«Les juifs ont toujours vécu à la campagne.»
Jonathan Schorsch sur la protection de l’environnement juive
Jonathan Schorsch est professeur d’histoire de la religion et de la pensée juives à l’université de Potsdam et directeur du Green Sabbath Project. En collaboration avec Efrat Gilad à Berne et Netta Cohen à Oxford, il établit l’histoire environnementale juive en tant que nouvelle spécialité. La directrice du musée Naomi Lubrich a parlé avec lui des mouvements juifs de retour à la nature, du folklore rural et des conséquences cosmiques de la vie simple.
Naomi Lubrich: Jonathan, qu’est-ce qui vous a amené à vous intéresser à la protection de l’environnement juive?

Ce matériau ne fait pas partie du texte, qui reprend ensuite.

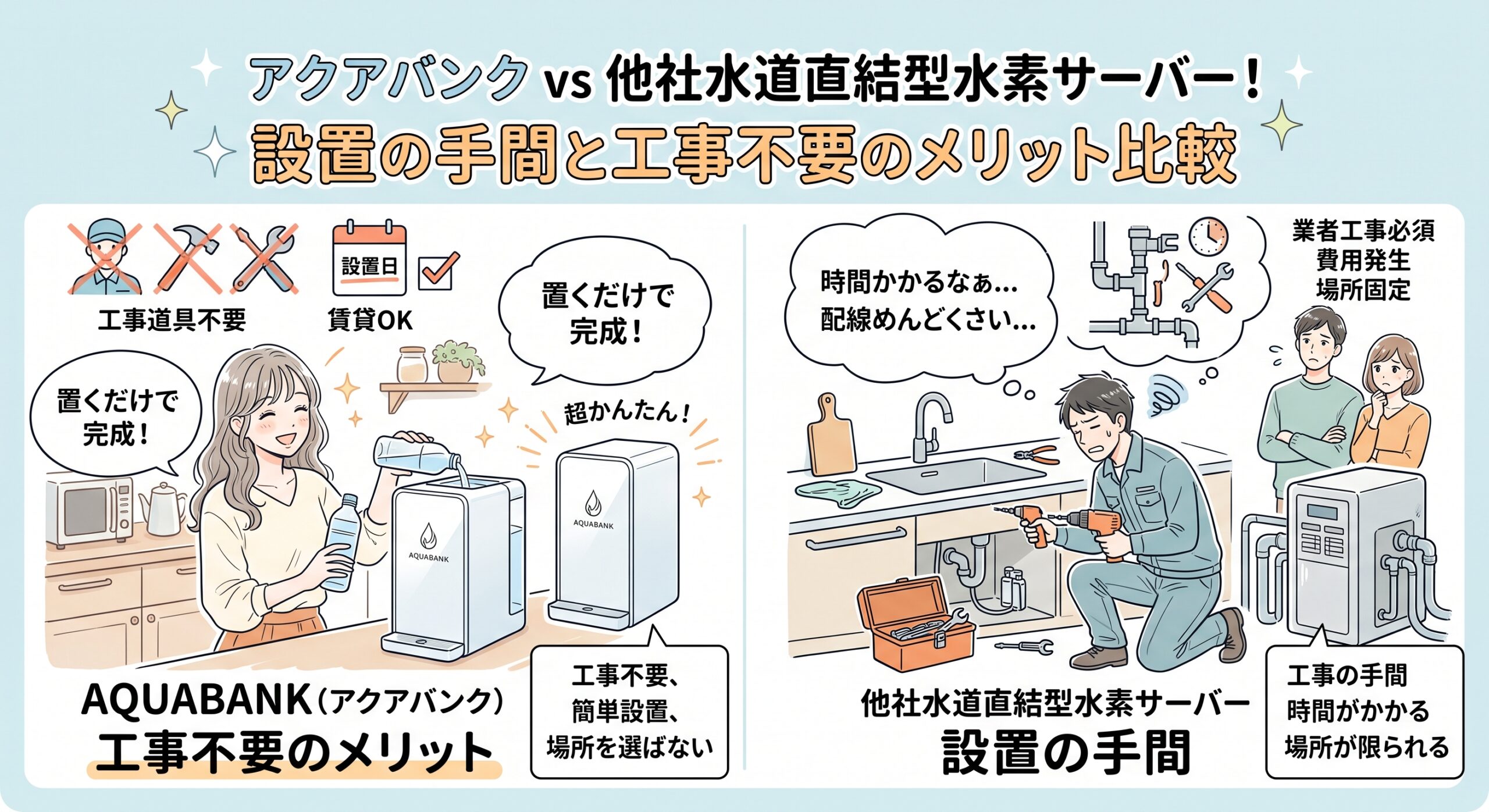 水素マニア：アクアバンク vs 他社水道直結型水素サーバー！設置の手間と工事不要のメリット比較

Jonathan Schorsch: J’ai toujours été une personne soucieuse de l’environnement, mais c’est seulement il y a dix ans, à peu près en 2013, que j’ai commencé à m’engager professionnellement dans la protection de l’environnement. Les raisons en furent d’une part mon parcours de vie personnel – j’ai vécu dans le Bronx, à Berkeley, Jérusalem et Berlin plus ou moins à proximité de la nature – et d’autre part la dégradation des actualités mondiales. C’est un domaine qui me tient beaucoup à cœur et qui est encore peu connu.
NL: Quelle peut être la contribution d’une perspective juive aux études sur l’environnement?
JS: Le judaïsme a développé des pratiques rituelles pour une vie durable. La conception juive des mitzvot, des bonnes actions, et la pensée écologique se recoupent considérablement. Il s’agit dans les deux cas de mener une vie éthique, de réglementer nos actes, de contrôler notre nourriture et notre comportement personnel. Toutes deux ont également un motif commun qui consiste en directives et en lois pour la société dans son ensemble. Le judaïsme kabbaliste apporte un troisième aspect: il tient compte de notre influence personnelle sur notre monde, des conséquences cosmiques de nos actions.
NL: Jusqu’où remonte l’idée juive de l’environnement?
JS: Au moins deux cents ans. Je m’intéresse actuellement à Joseph Perl de Galicie (1773–1839). C’était un maskil, ce qu’on appelle un juif éclairé. Son premier livre, Megaleh temirim (Les Secrets révélés, 1819), est une attaque dévastatrice du hassidisme, et dans son deuxième livre, un roman, Bokhen Tzadik (paru en allemand en 1838 sous le titre Auf der Suche nach dem Gerechten), son protagoniste est à la recherche de juifs vertueux en Pologne. Il n’en trouve pas – ni parmi les juifs éclairés ni parmi les juifs religieux. Il entreprend un voyage en Crimée rurale où il trouve ce qu’il cherchait: des paysans juifs qui mènent une vie rédemptrice. Les familles sont autosuffisantes. Elles vivent simplement, mangent et portent ce qu’elles produisent. Ce sont des artisans qui travaillent avec leurs mains pour produire ce dont ils ont besoin. Au point de vue idéologique, le livre aurait pu être écrit également dans les années 1970.
NL: Cela a l’air très romantique.
JS: Et ce l’était aussi! Aujourd’hui, nous nous souvenons de la Haskala comme d’un mouvement rationnel, mais elle a beaucoup emprunté au romantisme. Un grand nombre de maskils ont lu Rousseau! Plus encore, les idées et les valeurs de Perl correspondent au début du sionisme. Il suffit de penser à l’idée selon laquelle chaque personne a son propre lopin de terre avec son figuier et son cep – une vision biblique qui a été transformée pour la modernité. Pour son époque, Perl était moderne, voire même révolutionnaire.
NL: Est-ce que le folklore juif a également trouvé son expression dans les objets, dans le design?
JS: Ce serait à considérer. J’imagine que c’était le cas. Les shtetlech étaient ruraux et proches de la ville, donc à la fois ruraux et urbains. Les juifs partageaient leur vie quotidienne avec les animaux, ils allaient aux champs afin de cueillir des fleurs fraîches pour le Chabbat. De nombreuses synagogues d’Europe de l’Est sont décorées de motifs agricoles. Le judaïsme rural n’a pas été suffisamment étudié; les scientifiques se sont plutôt intéressés aux juifs en tant qu’intellectuels urbains. Ils ont toutefois toujours vécu à la campagne. Ils ne se sont jamais éloignés de la nature, ils ne l’ont fait que très tard dans leur histoire.
NL: Certainement pas en Suisse.
JS: Non, ni dans les shtetlech polonais. La vie dans les petites villes a toujours eu un petit côté nostalgique. Le récit des villages juifs en voie de disparition a touché les cœurs de nombreux citadins. Comme l’a écrit An-Ski: La vie à la campagne a toujours été sur le point de disparaître.
NL: Jonathan, je te remercie pour ton aperçu.